‘Explosion’ of health data fuels pharma advances: Linguamatics

By Jenni Spinner

- Last updated on GMT

(NatalyaBurova/iStock via Getty Images Plus)
(NatalyaBurova/iStock via Getty Images Plus)

Related tags IQVIA Artificial intelligence Data management data analysis preclinical Clinical data

A leader from the IQVIA company explains how the boom in the volume and quality of data, and advanced analysis, can speed and streamline drug development.

Outsourcing-Pharma (OSP) spoke with Jane Reed (JR), director of life sciences with Linguamatics, about the increasing amount of life-sciences data available to pharma firms and research partners, and how state-of-the-art analytical tools can lead to myriad benefits.

OSP: Could you please tell us about Linguamatics?

JR: Linguamatics, an IQVIA company, delivers a market-leading natural language processing-based AI platform for high-value knowledge discovery and decision support from text. Our NLP platform empowers clients to speed up drug development and improve patient outcomes by breaking down data silos, boosting innovation, enhancing quality, and reducing risk and complexity.

When applied to clinical trial records, full text literature or voice of consumer transcriptions, NLP can extract clean, structured data to advance drug discovery and research. Critical details that improve understanding around gene-disease associations, pathways and systems are often buried in unstructured text, both in public databases and internal sources.

Using NLP, life sciences companies and their partners can keep on top of this information by transforming text into actionable data that can be quickly visualized and analyzed at every stage in drug discovery. NLP can also help companies seeking drug repurposing opportunities for existing drugs, as well as identify and connect with appropriate contact research firms.

Linguamatics provides expert domain knowledge on healthcare and the life sciences, as we are focused on medical and scientific understanding. Linguamatics customers include 19 of the top 20 global pharmaceutical companies; the US Food and Drug Administration (FDA); and leading cancer institutes, hospitals and academic research centers. Linguamatics NLP has been deployed by organizations in pharmaceuticals, biotechnology, healthcare, chemicals and agrochemicals, government and academia.

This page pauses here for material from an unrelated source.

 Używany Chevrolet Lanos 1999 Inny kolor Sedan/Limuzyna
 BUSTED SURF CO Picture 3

OSP: Could you please provide an overview of the evolution of use of health data in recent years?

JR: There has been an explosion in the volume, variety and velocity of health data in recent years. The data sources that are valuable to healthcare organizations (pharma, hospitals, payers etc.) are wide-ranging, including scientific literature, clinical trial records, safety reports, social media, call center verbatims and other stakeholder insights, websites, news, patents; as well as electronic health records. These data sources can provide insights into drug discovery, development, and the delivery of therapeutics in the clinic.

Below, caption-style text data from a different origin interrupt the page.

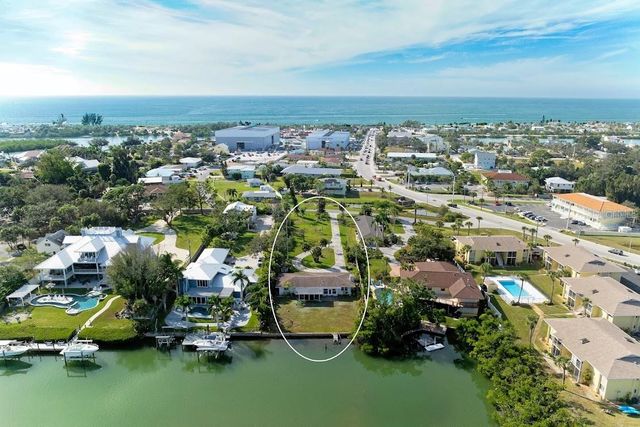 107 LOUELLA LANE, Nokomis, FL 34275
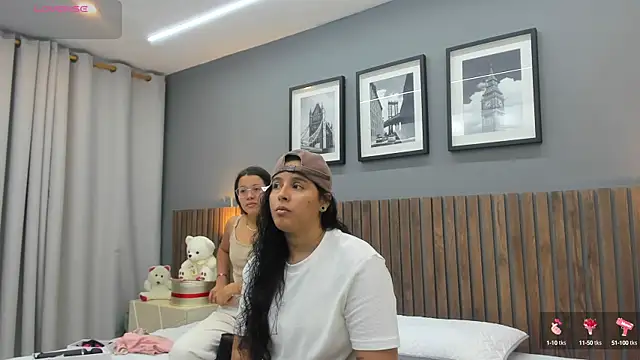 Dilan y Mia online show from January 13, 1:28 pm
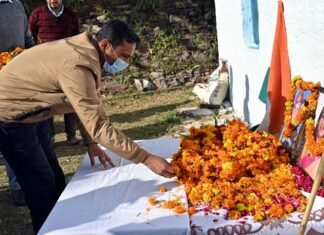 पौड़ी डीएम डॉ. जोगदण्डे ने शहीद जनरल विपिन सिंह रावत के पैतृक गांव सैणा पहुंच कर उन्हें व उनकी पत्नी को दी श्रद्धांजलि general bipin rawat village in garhwal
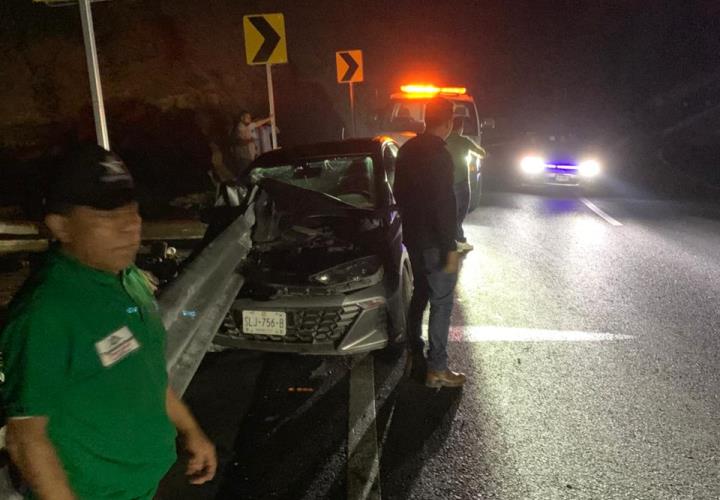 Se salvan de milagro tras chocar auto contra muro de acero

The widespread adoption of electronic health record (EHR) systems has resulted in the digitization of massive amounts of healthcare data in recent years. However, information is often heavily siloed and stored disparate clinical departments.

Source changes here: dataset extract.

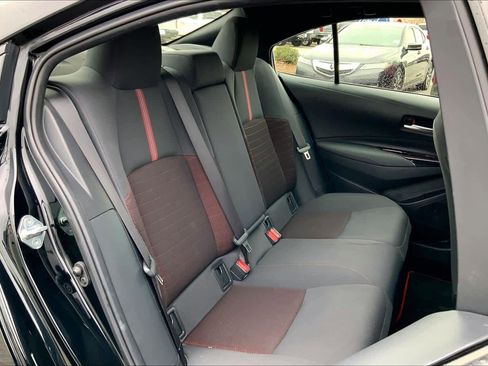 Used 2023 Toyota Corolla SE image 18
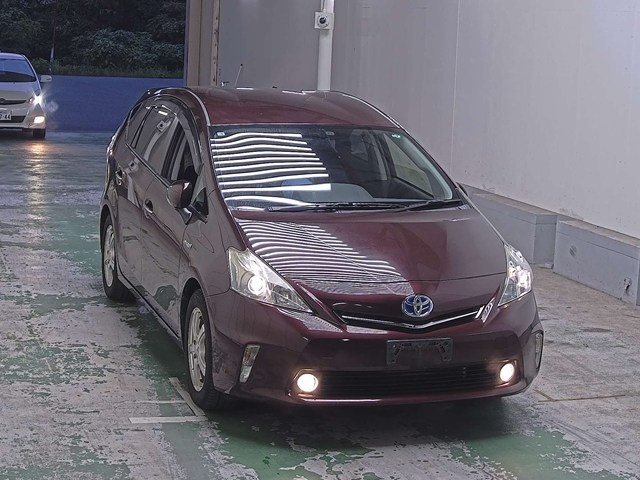 TOYOTA PRIUS ALPHA 2014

While EHRs are a rich source of data, insights are often trapped in narrative-style surgical and clinical notes, or in pathology and radiology reports, making it difficult for clinicians and researchers to access. Further, different providers often use different terminology to document the same diagnoses and treatments, resulting in a lack of standardized terminology across patient records.

To gain actionable insights from unstructured EHR data, many provider organizations turn to manual chart reviews, in which groups of often highly paid clinicians scrutinize sometimes thousands and thousands of patient records to extract specific pieces of information. While manual chart reviews may sometimes (but not always) perform well in terms of accuracy, they are extremely resource-intensive, requiring a significant investment of time and money.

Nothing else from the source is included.